====== Data extracts ======

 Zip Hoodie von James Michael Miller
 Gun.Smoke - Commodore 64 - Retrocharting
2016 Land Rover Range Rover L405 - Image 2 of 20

======
====== Data extracts ======

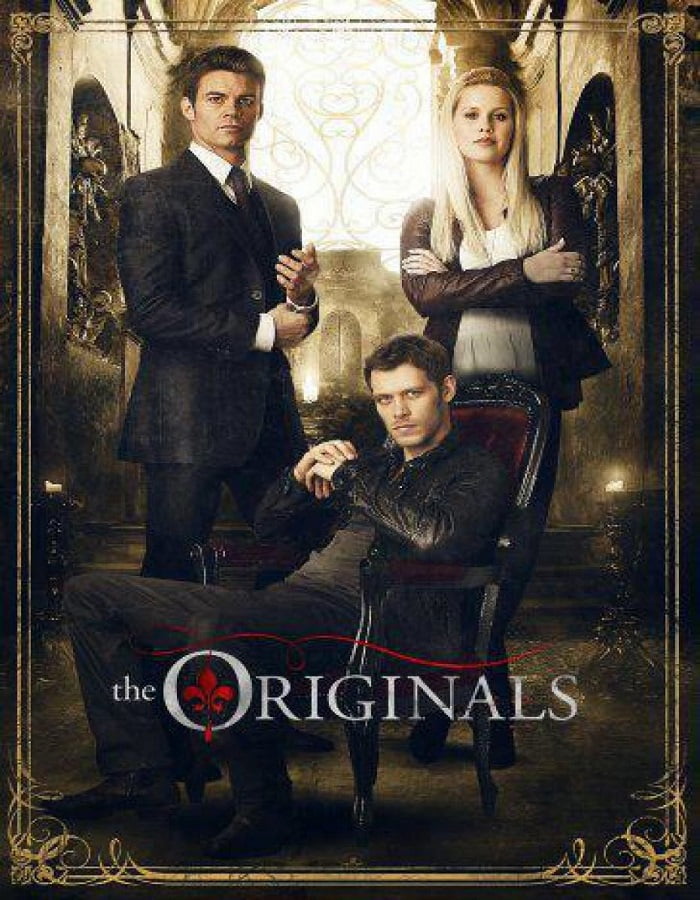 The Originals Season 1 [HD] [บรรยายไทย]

======

*Work required*:
All that belongs in the answer is the run of lines above from the line containing "Zip Hoodie von James Michael Miller" through the line containing "2016 Land Rover", exactly as written.

*Exercise solution*:
 Zip Hoodie von James Michael Miller
 Gun.Smoke - Commodore 64 - Retrocharting
2016 Land Rover Range Rover L405 - Image 2 of 20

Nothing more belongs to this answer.